In a surprising and unexpected new turn of events, the research team discovered that astrocytes located in the lateral hypothalamus regulate the activity of GABRA5 neurons. The numbers and sizes of reactive astrocytes are increased, and they begin to overexpress the enzyme MAO-B (monoamine oxidase B).

This enzyme plays a critical role in the metabolism of neurotransmitters in the nervous system and is predominantly expressed in reactive astrocytes. This ends up producing a large amount of the tonic GABA (gamma-aminobutyric acid), which inhibits surrounding GABRA5 neurons.

It was also discovered that inhibiting the expression of the MAO-B gene in reactive astrocytes can reduce GABA secretion, thus reversing the unwanted inhibition of GABRA5 neurons. Using this approach, the researchers were able to increase heat production in the adipose tissue of obese mice, allowing them to achieve weight loss even while eating a high-calorie diet. This experimentally proves that the MAO-B enzyme present in reactive astrocytes could be an effective target for treating obesity without compromising appetite.

Furthermore, the selective and reversible MAO-B inhibitor, “KDS2010”, which was transferred to the biotech company Neurobiogen in 2019 and is currently undergoing phase I clinical trials, was tested in an obese mouse model. The new medications achieved remarkable results, as they showed a significant reduction in fat accumulation and weight without any effect on the amount of food eaten.
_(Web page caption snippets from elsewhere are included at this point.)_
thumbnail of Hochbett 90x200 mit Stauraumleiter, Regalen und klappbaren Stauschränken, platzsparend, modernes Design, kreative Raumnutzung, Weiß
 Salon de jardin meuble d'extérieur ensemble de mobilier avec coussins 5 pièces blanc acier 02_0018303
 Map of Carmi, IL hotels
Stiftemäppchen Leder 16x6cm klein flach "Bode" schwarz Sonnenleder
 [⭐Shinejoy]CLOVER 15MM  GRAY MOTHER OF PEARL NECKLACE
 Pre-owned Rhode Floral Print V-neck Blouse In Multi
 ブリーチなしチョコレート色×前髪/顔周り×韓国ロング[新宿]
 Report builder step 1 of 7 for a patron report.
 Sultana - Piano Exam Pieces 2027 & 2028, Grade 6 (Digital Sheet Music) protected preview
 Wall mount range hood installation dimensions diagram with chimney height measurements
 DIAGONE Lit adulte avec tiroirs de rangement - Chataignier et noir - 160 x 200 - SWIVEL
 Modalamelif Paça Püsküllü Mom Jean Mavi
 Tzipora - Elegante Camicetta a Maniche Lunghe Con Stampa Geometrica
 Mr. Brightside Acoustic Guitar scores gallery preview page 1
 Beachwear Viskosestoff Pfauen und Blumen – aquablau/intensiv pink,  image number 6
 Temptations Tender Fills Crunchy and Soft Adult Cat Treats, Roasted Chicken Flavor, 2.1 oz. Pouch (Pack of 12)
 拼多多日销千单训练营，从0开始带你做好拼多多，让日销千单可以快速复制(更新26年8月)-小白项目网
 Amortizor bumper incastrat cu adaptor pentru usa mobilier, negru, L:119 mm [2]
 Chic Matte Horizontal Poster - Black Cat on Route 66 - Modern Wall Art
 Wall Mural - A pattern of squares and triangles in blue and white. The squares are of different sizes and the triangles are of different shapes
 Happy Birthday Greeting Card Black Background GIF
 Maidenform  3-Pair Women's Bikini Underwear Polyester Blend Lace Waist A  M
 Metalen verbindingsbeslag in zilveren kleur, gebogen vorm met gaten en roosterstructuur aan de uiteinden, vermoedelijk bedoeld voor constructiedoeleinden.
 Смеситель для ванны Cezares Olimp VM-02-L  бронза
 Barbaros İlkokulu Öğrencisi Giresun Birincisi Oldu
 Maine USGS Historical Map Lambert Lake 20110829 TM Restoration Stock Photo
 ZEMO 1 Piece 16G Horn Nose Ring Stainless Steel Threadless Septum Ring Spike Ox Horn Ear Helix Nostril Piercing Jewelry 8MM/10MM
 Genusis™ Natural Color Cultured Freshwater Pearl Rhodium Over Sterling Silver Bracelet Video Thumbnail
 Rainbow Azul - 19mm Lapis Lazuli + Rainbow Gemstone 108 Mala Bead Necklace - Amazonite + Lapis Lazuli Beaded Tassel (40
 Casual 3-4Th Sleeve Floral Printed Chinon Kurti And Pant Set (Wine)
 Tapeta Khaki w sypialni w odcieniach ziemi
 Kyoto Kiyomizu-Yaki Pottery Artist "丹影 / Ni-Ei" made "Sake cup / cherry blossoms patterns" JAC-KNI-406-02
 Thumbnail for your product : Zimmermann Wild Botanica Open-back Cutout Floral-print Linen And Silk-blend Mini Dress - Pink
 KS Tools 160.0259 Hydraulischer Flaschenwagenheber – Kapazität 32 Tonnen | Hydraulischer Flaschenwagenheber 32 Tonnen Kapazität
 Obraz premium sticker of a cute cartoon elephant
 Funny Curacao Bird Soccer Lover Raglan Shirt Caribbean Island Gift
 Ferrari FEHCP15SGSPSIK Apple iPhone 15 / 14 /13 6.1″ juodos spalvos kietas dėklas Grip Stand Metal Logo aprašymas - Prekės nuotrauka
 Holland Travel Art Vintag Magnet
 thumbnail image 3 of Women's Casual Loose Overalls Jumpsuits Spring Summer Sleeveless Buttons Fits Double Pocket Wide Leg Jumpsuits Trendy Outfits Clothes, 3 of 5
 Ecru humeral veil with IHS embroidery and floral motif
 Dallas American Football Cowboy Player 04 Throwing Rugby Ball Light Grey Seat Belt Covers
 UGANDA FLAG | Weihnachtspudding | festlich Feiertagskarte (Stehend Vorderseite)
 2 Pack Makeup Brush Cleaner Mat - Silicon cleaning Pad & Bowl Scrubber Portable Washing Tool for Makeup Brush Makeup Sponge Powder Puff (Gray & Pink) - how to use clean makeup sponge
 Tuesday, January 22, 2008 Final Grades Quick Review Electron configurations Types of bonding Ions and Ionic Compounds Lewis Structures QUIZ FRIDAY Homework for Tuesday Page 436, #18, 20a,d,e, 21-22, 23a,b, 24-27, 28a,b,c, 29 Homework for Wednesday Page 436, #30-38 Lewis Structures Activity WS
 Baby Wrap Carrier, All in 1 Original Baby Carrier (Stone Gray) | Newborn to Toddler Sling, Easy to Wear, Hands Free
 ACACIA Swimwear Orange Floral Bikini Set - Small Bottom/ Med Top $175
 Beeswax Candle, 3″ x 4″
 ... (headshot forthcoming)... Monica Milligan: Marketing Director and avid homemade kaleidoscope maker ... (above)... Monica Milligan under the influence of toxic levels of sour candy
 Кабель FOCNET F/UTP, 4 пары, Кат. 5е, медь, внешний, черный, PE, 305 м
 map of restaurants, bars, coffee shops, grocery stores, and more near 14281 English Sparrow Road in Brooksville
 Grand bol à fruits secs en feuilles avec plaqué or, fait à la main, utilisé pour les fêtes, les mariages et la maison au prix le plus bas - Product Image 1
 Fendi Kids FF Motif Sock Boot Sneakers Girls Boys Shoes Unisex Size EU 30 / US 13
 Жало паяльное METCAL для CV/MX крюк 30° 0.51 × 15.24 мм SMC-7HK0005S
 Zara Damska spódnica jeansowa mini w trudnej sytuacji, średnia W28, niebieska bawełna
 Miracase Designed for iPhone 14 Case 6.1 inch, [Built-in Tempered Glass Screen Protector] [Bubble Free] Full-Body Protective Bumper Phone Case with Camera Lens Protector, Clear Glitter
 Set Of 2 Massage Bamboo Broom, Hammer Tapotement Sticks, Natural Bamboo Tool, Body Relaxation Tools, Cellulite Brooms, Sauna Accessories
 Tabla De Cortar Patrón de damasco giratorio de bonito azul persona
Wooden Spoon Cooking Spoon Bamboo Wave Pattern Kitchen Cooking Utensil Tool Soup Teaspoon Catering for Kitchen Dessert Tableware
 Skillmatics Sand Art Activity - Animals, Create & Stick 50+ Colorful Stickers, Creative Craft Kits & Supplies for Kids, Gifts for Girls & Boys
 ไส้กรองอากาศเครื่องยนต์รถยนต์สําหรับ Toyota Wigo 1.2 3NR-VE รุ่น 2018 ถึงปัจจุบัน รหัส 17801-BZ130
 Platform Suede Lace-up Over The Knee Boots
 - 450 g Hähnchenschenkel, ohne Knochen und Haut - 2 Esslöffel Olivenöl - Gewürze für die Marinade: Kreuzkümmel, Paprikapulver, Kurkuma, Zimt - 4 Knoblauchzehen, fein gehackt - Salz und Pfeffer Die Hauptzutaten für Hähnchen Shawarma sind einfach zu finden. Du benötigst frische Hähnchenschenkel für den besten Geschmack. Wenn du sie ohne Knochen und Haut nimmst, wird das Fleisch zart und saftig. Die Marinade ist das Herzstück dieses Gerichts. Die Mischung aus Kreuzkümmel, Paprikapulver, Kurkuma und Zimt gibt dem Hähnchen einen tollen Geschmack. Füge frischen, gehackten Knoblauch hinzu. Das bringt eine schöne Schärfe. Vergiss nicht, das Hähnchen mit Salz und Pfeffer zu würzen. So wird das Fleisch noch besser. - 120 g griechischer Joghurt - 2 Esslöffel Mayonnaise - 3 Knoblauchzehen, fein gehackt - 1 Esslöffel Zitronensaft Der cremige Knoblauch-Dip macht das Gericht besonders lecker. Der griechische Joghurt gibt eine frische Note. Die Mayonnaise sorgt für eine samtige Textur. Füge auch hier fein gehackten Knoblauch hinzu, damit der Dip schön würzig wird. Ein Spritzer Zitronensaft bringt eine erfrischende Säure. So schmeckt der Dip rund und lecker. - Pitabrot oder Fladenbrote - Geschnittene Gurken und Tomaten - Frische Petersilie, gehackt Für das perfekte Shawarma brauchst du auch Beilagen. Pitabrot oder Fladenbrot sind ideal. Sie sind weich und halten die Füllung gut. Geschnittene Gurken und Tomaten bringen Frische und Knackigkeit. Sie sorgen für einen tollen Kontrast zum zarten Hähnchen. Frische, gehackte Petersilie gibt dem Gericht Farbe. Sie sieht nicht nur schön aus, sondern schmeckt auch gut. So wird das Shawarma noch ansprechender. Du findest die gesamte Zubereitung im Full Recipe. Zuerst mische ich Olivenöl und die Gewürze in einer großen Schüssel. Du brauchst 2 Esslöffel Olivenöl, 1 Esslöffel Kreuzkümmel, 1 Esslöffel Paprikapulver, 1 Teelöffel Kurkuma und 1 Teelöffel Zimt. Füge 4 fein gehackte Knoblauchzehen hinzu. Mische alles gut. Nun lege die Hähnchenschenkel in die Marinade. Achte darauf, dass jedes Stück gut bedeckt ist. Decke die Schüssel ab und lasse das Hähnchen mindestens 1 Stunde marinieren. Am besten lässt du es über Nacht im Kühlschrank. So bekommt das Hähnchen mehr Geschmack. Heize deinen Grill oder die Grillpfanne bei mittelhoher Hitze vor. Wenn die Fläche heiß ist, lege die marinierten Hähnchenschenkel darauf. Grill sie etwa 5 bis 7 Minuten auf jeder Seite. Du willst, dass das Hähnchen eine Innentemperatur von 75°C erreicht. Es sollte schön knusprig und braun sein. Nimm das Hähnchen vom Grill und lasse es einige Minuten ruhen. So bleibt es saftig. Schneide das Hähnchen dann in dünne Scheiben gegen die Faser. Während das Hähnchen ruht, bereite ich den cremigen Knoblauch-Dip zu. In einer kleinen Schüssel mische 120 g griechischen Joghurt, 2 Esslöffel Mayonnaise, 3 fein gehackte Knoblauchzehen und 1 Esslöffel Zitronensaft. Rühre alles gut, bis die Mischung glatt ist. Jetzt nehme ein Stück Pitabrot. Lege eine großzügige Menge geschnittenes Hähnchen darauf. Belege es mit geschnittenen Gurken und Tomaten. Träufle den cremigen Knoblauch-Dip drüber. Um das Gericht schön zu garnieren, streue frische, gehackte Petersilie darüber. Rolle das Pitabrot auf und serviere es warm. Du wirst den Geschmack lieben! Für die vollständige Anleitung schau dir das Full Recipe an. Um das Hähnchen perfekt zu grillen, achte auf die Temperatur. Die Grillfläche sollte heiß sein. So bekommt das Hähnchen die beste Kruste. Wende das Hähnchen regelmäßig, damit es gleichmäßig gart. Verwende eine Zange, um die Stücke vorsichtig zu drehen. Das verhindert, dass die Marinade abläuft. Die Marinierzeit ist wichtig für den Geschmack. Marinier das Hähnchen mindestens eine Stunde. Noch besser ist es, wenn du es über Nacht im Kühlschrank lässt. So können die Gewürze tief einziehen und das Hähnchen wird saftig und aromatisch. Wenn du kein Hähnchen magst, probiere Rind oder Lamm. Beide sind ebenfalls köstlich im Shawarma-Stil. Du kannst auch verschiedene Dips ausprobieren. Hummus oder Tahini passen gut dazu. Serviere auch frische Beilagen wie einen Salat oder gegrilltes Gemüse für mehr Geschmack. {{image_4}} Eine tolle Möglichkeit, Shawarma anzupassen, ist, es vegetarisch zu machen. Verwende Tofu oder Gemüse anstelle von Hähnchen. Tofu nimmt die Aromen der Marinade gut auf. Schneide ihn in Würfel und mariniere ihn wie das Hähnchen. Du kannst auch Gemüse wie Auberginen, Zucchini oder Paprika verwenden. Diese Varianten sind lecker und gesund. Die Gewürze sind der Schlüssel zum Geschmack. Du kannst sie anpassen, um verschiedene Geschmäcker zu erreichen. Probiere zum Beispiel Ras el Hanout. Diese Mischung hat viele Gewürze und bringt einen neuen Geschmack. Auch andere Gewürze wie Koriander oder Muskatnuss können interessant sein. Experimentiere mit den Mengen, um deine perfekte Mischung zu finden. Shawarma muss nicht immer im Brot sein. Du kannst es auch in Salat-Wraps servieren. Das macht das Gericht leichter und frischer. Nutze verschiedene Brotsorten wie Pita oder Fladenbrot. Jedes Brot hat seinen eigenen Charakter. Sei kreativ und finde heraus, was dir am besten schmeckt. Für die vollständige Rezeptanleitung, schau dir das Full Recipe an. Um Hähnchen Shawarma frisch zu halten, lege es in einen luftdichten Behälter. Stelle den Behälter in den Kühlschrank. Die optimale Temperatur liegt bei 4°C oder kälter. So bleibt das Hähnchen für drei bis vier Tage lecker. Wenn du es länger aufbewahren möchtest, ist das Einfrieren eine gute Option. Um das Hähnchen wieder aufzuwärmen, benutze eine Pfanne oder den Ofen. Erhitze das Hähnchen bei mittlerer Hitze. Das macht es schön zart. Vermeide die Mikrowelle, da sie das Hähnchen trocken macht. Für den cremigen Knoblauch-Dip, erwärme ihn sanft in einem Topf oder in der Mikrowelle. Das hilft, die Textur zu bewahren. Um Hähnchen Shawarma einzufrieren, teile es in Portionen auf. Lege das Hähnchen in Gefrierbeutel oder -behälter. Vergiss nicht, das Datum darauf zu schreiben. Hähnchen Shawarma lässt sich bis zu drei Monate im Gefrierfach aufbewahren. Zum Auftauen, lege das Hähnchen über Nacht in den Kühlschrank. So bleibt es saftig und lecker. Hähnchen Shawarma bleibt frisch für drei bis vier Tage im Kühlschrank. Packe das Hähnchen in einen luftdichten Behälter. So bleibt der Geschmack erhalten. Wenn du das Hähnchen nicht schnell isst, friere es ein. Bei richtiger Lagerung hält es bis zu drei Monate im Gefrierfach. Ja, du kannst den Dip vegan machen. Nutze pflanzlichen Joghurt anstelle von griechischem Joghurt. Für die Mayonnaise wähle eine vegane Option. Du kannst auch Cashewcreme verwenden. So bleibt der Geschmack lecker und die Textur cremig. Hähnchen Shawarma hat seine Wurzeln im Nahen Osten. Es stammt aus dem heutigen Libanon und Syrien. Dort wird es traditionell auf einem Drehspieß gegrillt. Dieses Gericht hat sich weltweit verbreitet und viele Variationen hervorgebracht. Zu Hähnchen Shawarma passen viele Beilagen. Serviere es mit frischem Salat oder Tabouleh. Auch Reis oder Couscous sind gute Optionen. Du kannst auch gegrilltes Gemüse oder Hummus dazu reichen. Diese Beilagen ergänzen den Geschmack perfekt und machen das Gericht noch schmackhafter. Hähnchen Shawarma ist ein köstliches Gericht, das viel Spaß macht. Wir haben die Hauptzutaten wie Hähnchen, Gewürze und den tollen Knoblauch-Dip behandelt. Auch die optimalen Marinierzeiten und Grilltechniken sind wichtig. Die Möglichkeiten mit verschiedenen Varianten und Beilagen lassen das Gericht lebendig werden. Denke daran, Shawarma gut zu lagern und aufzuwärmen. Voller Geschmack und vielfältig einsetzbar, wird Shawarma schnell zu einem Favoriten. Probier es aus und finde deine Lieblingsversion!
“Previous obesity treatments targeting the hypothalamus have mainly focused on neural mechanisms related to appetite regulation,” said postdoctoral researcher SA Moonsun. “To overcome this, we focused on non-neuronal astrocytes and identified reactive astrocytes as the cause of obesity,” she added.

The director of the center, C. Justin Lee also: “Given that the World Health Organization has classified obesity as an ’emerging infectious disease of the 21st century’, we look forward to KDS2010 as a potential next-generation obesity treatment that can effectively fight obesity without suppressing appetite.

About news of obesity research, neuroscience and neuropharmacology

author: William Suh
source: Institute of Basic Sciences
communication: William Suh – Institute for Basic Sciences
picture: Image credited to Neuroscience News

Original search: Closed access.
GABRA5-positive hypothalamic neurons control obesity via Astrocytic GABABy C. Justin Lee et al. normal metabolism

a summary

GABRA5-positive hypothalamic neurons control obesity via Astrocytic GABA

The lateral hypothalamus (LHA) regulates food intake and energy balance. Although LHA neurons innervate adipose tissue, the identity of adipose-regulating neurons is ill-defined.

Here we show that GABRA5-positive neurons in the LHA (GABRA5LHA) polydispersely projecting brown and white adipose tissue at the periphery. Gabra5LHA are a distinct subpopulation of GABAergic neurons that show reduced pacemaker firing in mouse models of male diet-induced obesity.

Chemical inhibition of GABRA5LHA It inhibits fat thermogenesis and increases weight gain, while silencing the GABRA5 gene in LHA reduces weight gain. In a mouse model of diet-induced obesity, GABRA5LHA They are inhibited by nearby reactive astrocytes releasing GABA, which is synthesized by monoamine oxidase B (Maob).

Silencing of the Maob astrocyte genes in the LHA facilitates fat thermogenesis and significantly reduces weight gain without affecting food intake, which is recapitulated by administration of a Maob inhibitor, KDS2010. We suggest that GABRA5 be launchedLHA Prevents lipid accumulation and selective inhibition of astrocytes GABA is a molecular target for the treatment of obesity.